As the contracted laborer to see through the objectives and goals of our SARE grant application, as it partnered with funding from an ASAP grant, an Ag Options grant, and a Blue Ridge Heritage foundation grant, offering me funding for one-year's full-time work on these projects collaborated, I must say I am exhausted and ENERGIZED all at the same time for what Polk County is doing. Our recommendations are that we want funders to continue to see us as worthy of investment and when we apply again in 2012 for another SARE grant, that you see how well we've done with our monies, community enthusiasm and involvement and economic and sustainable development for agriculture in Polk County. We want to continue to ally with private agriculture businesses who are growing, marketing, teaching, distributing, and developing. We need a commercial kitchen at our Ag center something fierce! We need value-added production supports and GAP certified facilities development supported and funded for labor. Advertising and road signs are much needed for our Ag Center and its' farm store and support for continuing education in our relationship with our community college and private instruction workshops on growing, marketing, preserving, and distributing.
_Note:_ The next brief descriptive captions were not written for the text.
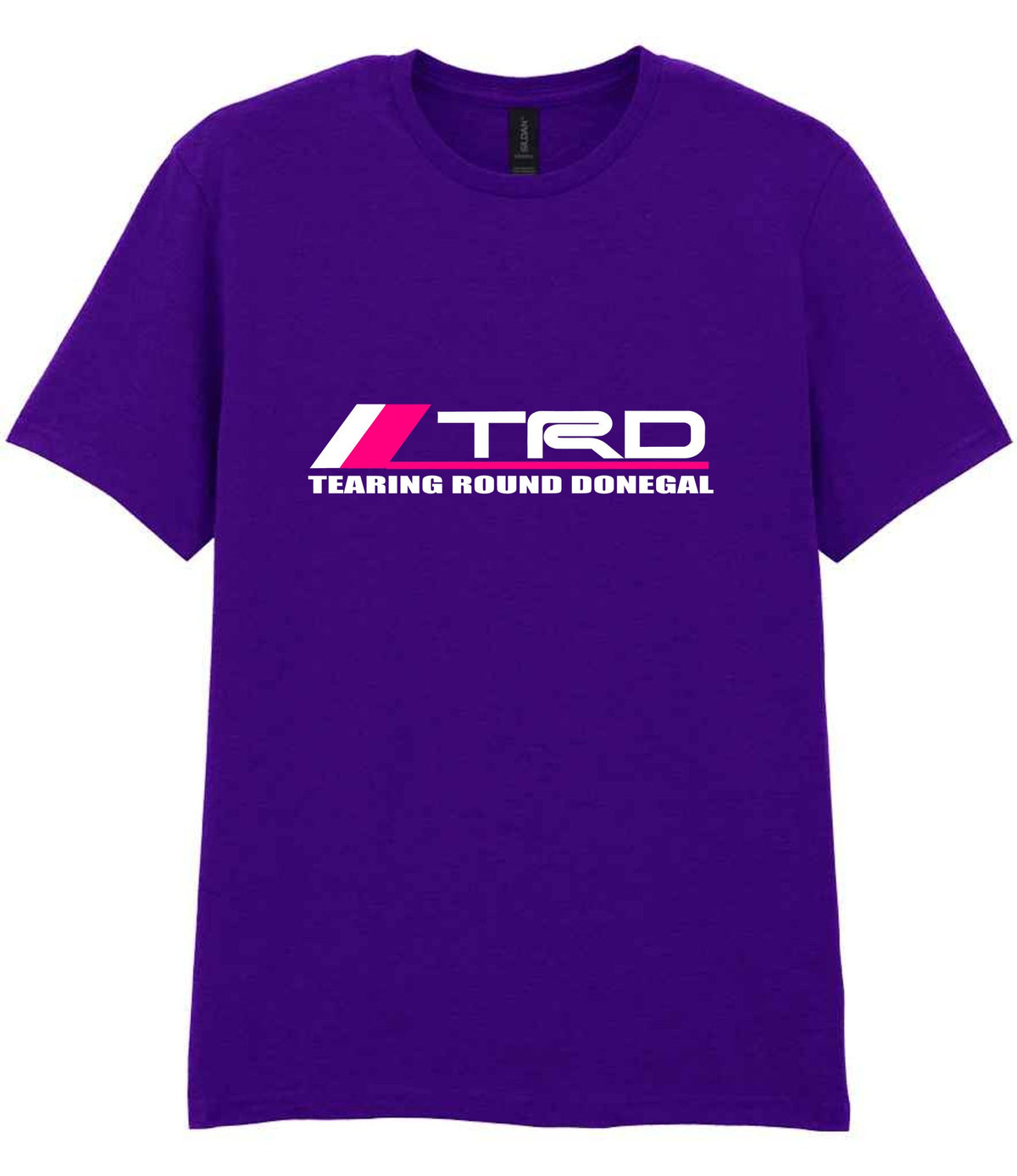 Tearing Round Donegal t-shirt in purple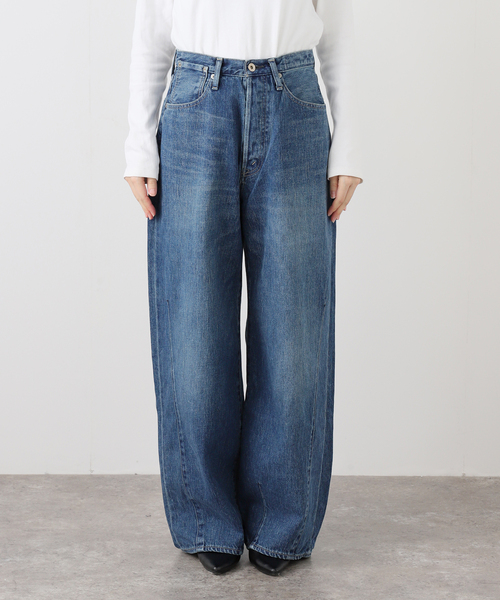 KURO(クロ)の「KURO STRUCTURE 964184:デニムパンツ(デニムパンツ・レディース・ブルー系その他・28/27/26)」の7枚目の写真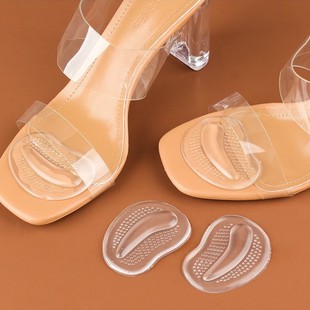 Forefoot Pad Shock-Absorbing and Pressure-Reducing Half-Size Pad for Women's High-Heeled Shoes, Women's Non-Slip Thickeneded Soft Massage Particle Small Forefoot Pad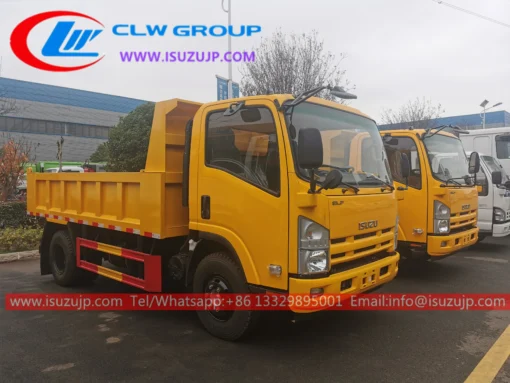 ISUZU NPR 7 cbm รถบรรทุกขุดไปข้างหน้า เปรู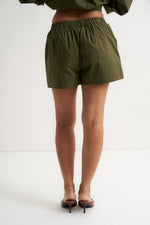 Poplin Boxer Short Olive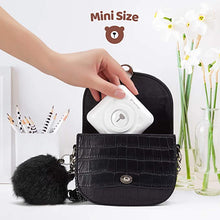 Load image into Gallery viewer, Portable Bear Pocket Printer Mini Bluetooth Wireless PeriPage Thermal Printer Compatible with Android iOS Windows Kids Gifts White 203DPI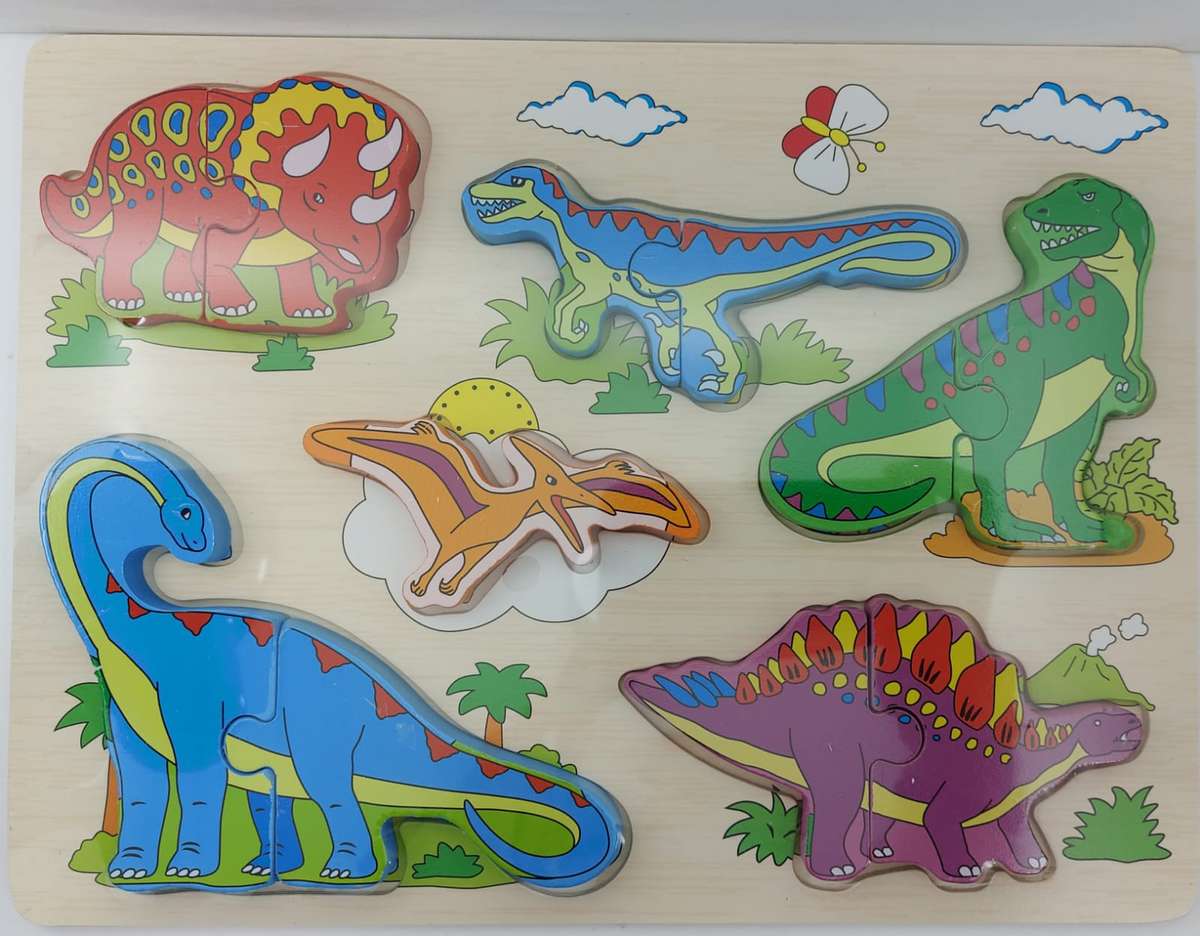 Chunky 2 piece animal puzzle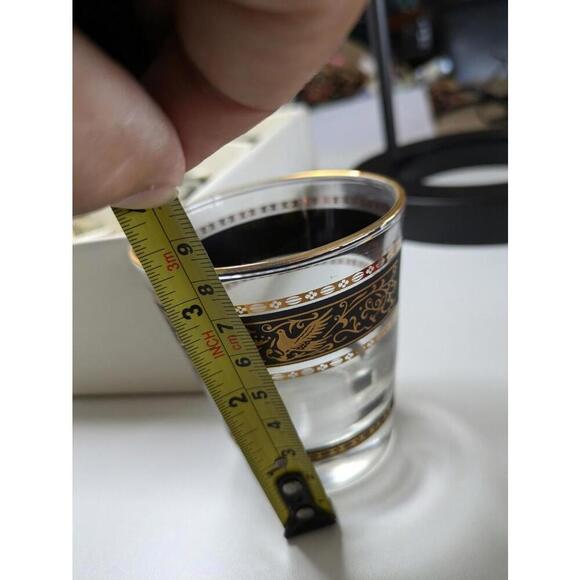 Vintage Aristocrat By Dominion Set of 8 24k Gold Tumbler Glasses - Picture 7 of 8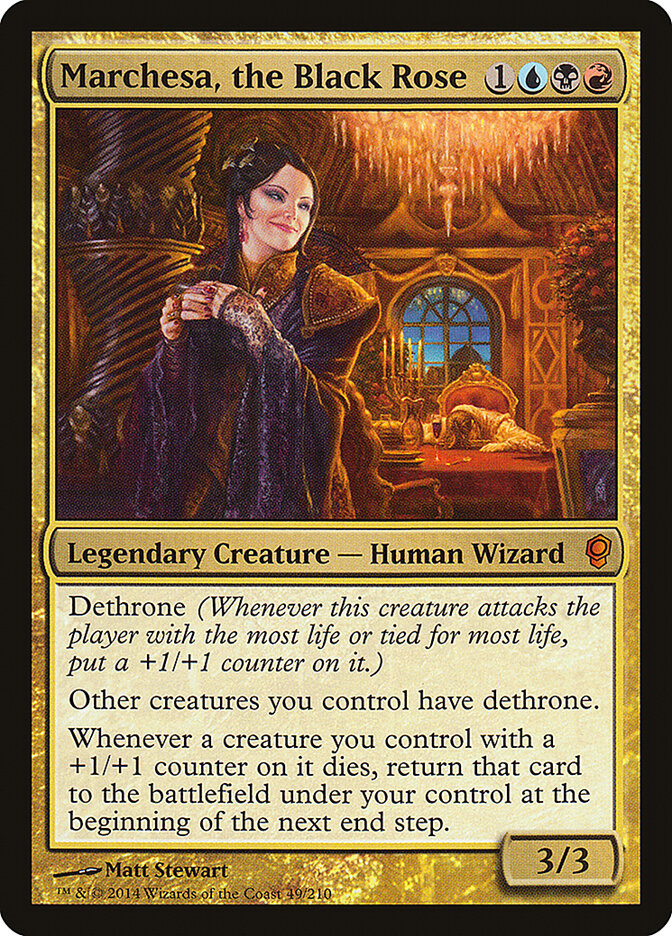 Marchesa, the Black Rose card front
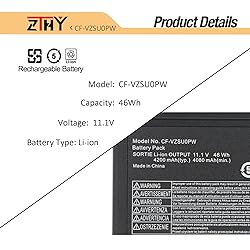 CF-VZSU0PW CF-VZSU0PR CF-54 Battery Replacement for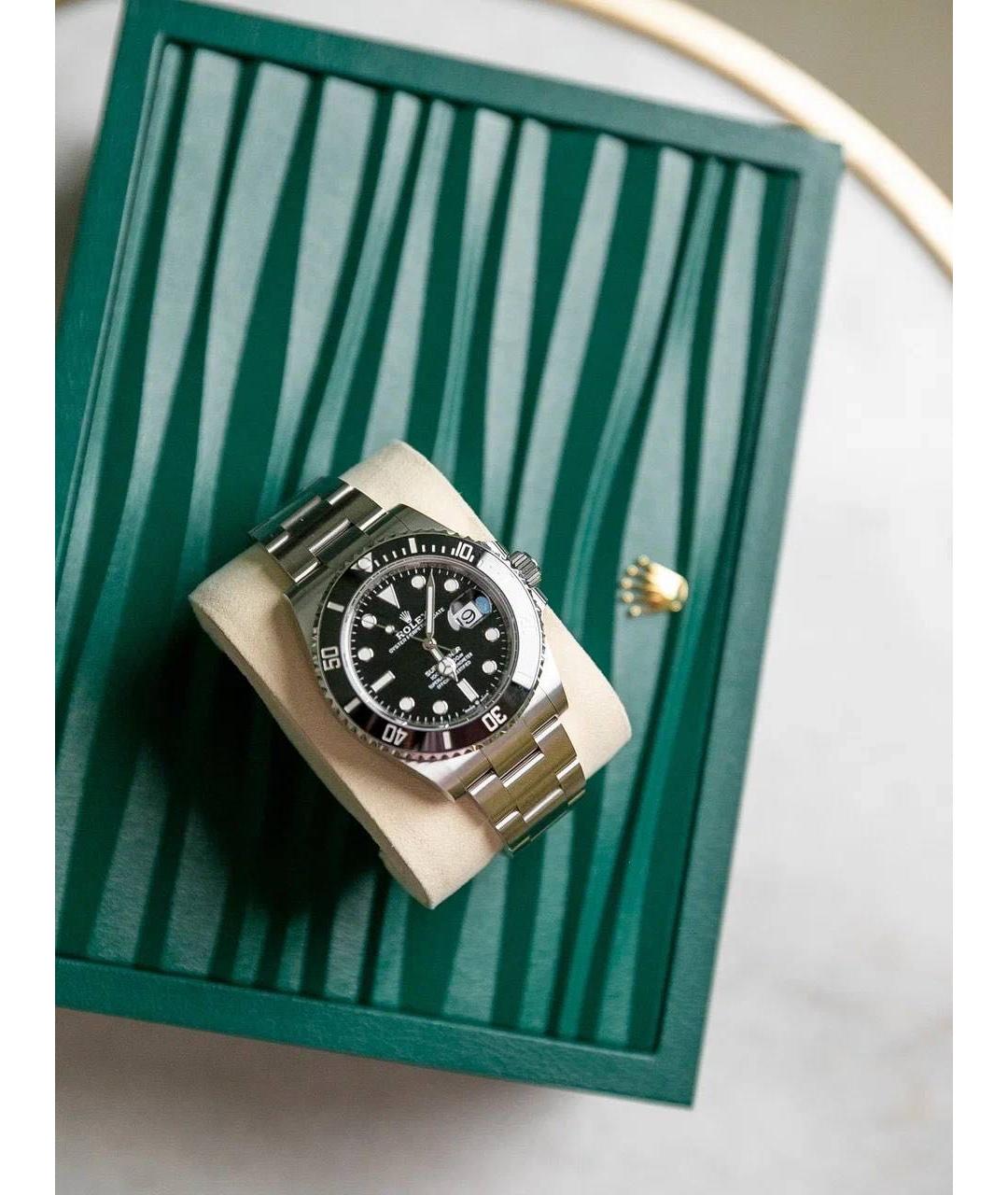 ROLEX Серебряные часы, фото 2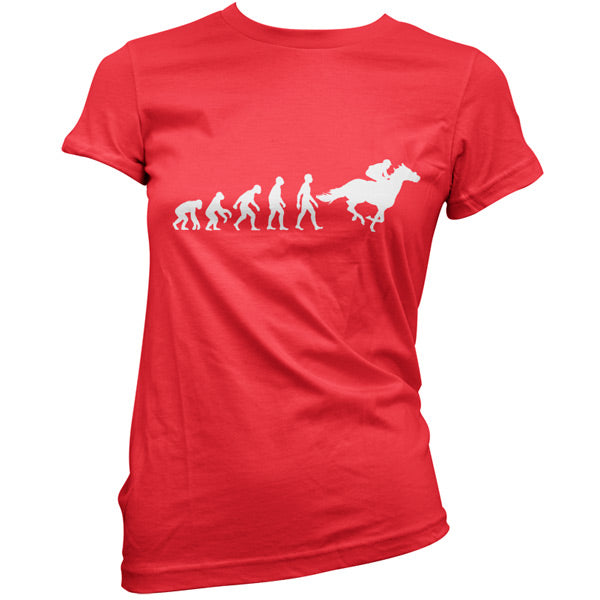 Evolution of Man Horse Riding T Shirt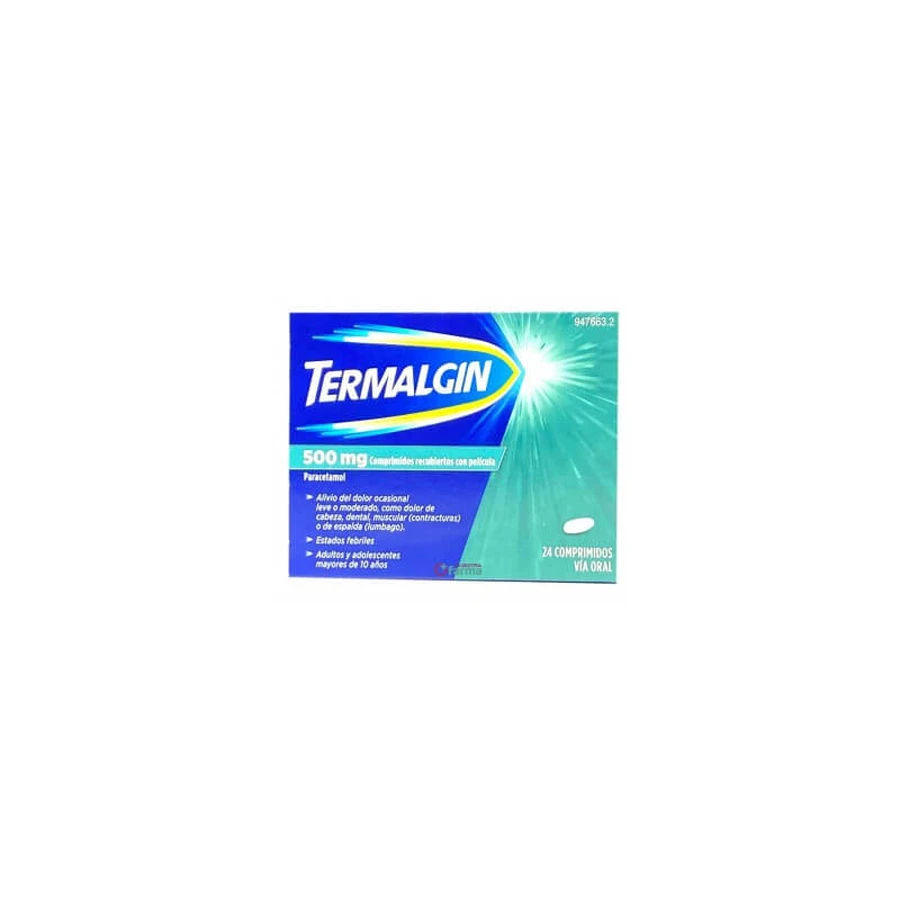 TERMALGIN 500 MG 24 COATED TABLETS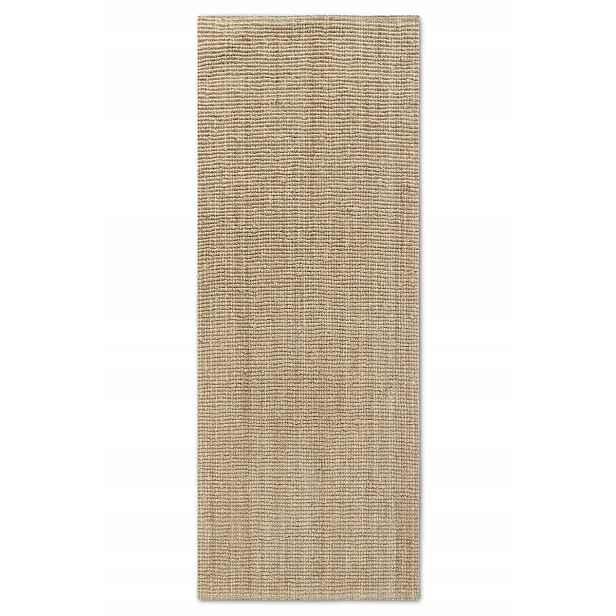 Koberec Běhoun jutový do obývacího pokoje 80x200 cm, přírodní béžový koberec běhoun z juty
My personal future recommendation is that you will give me your serious consideration or anyone else from Polk County who is in ties with the PolkFresh Tradepost Project (not many left you aren't!) as we apply for your support, once again, in 2012. Happy New Year! Sustainably yours, Carol Lynn Jackson and Lynn Sprague

Any opinions, findings, conclusions, or recommendations expressed in this publication are those of the author(s) and do not necessarily reflect the view of the U.S. Department of Agriculture or SARE.